Re: [POC] Mango Catch All Selector

Robert Kowalski Tue, 05 Jan 2016 03:53:05 -0800

Hi there!

Thanks for the detailed responses Garren, Paul, Sebastian, Dale and
Tony! It looks like that we have consensus that it should be easier to
query data with Mango. :)


I like the idea with the automatic index creation, probably just if
the user opts in, as I also think that index creation needs more
planning. Automatic index creation is probably another whole topic on
its own I am afraid, I would like to talk about it separately.

Regarding querying I would really like to keep it very simple for
newcomers and implement the "fallback" as transparent as possible.

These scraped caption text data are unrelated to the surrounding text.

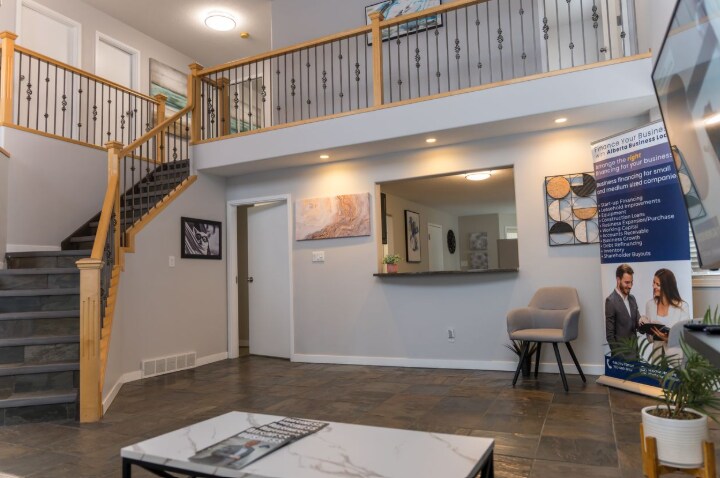 More Photos Of 16210 100A Ave NW, Edmonton Office For Sale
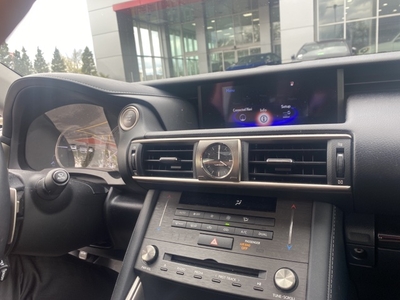 2019 Lexus IS IS in Westmont, IL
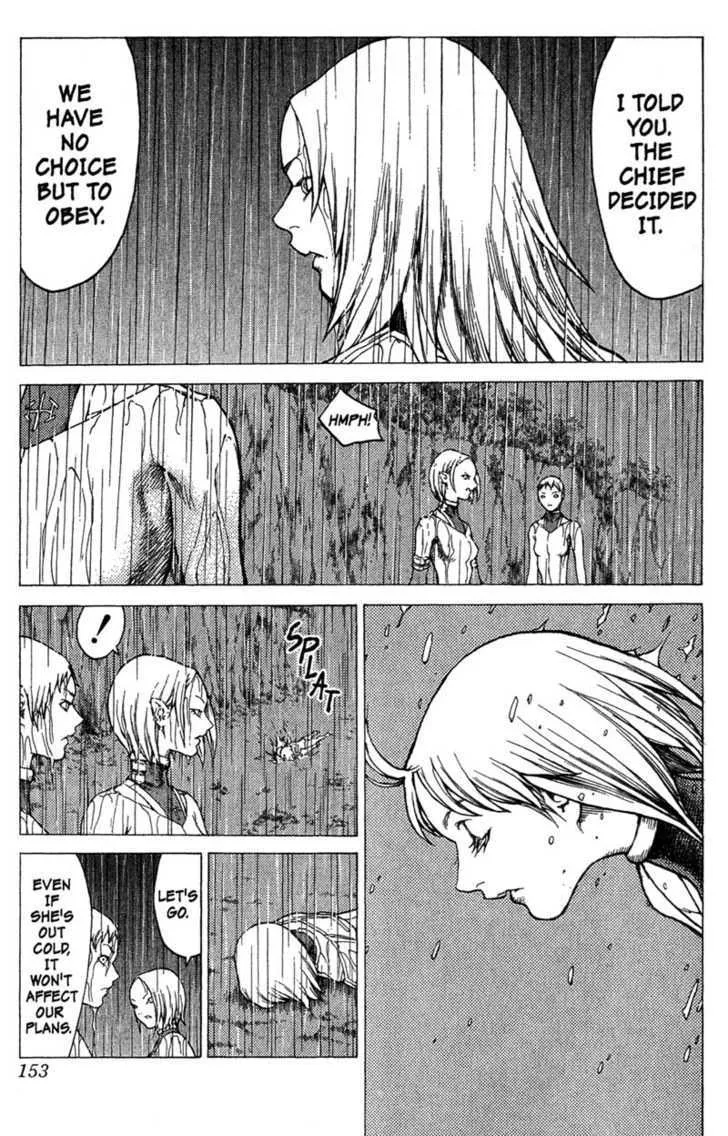 Claymore - Page 19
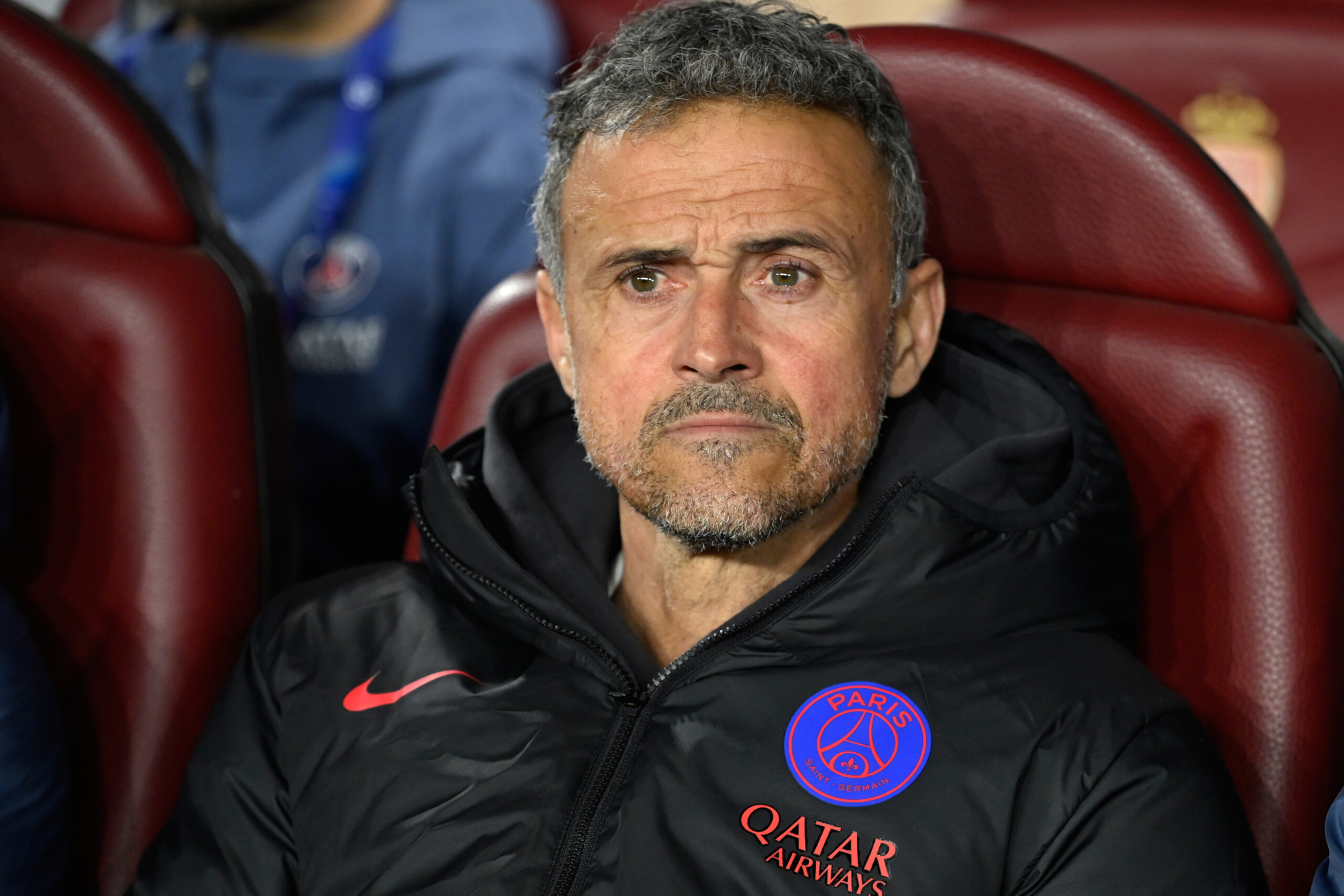 ligue des champions luis enrique a lapproche de psg liverpool dans ce genre de matchs il ny a pas de favoris scaled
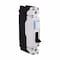 Eaton Circuit Breaker, PDG Series, 80A, 1 Pole, 600V AC, 65kA at 480V AC, A Curve PDG11M0080TFFJ - alternate 3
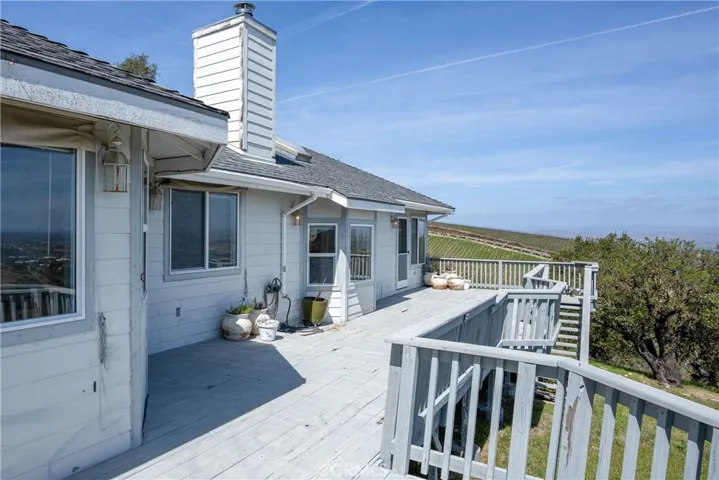 1475 Trager Canyon Road, Paso Robles, California 93446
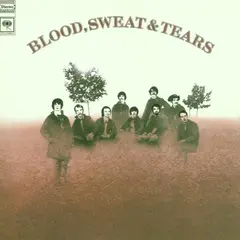 Blood, Sweat &amp; Tears Blood, Sweat &amp; Tears (CD)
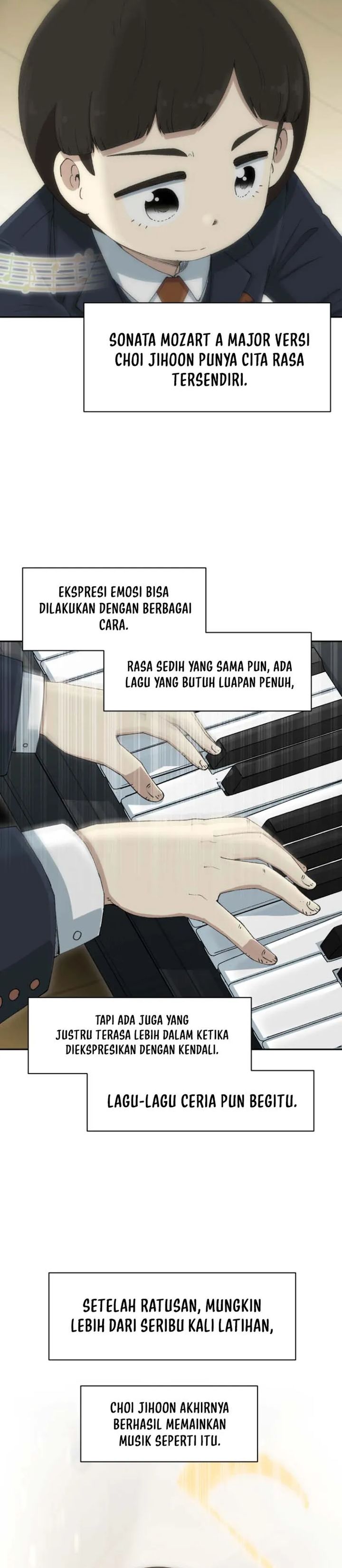 Beethoven Reborn Chapter 79 Gambar 31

A newcomer usually doesn't have much data in their databases when they
start to try out a new database system and play around. I agree with
Paul that the current behaviour is different from Mongo and also from
other successful databases (e.g. MySQL and Postgres). They all let you
query without indexes, but you can add them later for performance
optimisation. I feel unsuer about developing: true. Adding
"developing: true" or other parameters deviates further from those
systems which are very friendly to beginners, I would like to avoid
that.

I want to add that for more advanced production use cases the other
DBMS usually offer performance measuring tools, here is Mongo
https://docs.mongodb.org/manual/tutorial/manage-the-database-profiler/
and here is MySQL
http://dev.mysql.com/doc/refman/5.7/en/slow-query-log.html as examples
to help the user to detect slow queries and to optimise them. Rails
(is it still called Active Record?) will also explain and warn on slow
queries without index:
http://weblog.rubyonrails.org/2011/12/6/what-s-new-in-edge-rails-explain/

Maybe the mentioned problem for people that complain about slow
responses because they use the sometimes advertised id > null hack is
that they don't have enough tooling / insight to notice those
problems? Then this would be probably another task, something along
the lines of "improve query optimisation capabilities for users".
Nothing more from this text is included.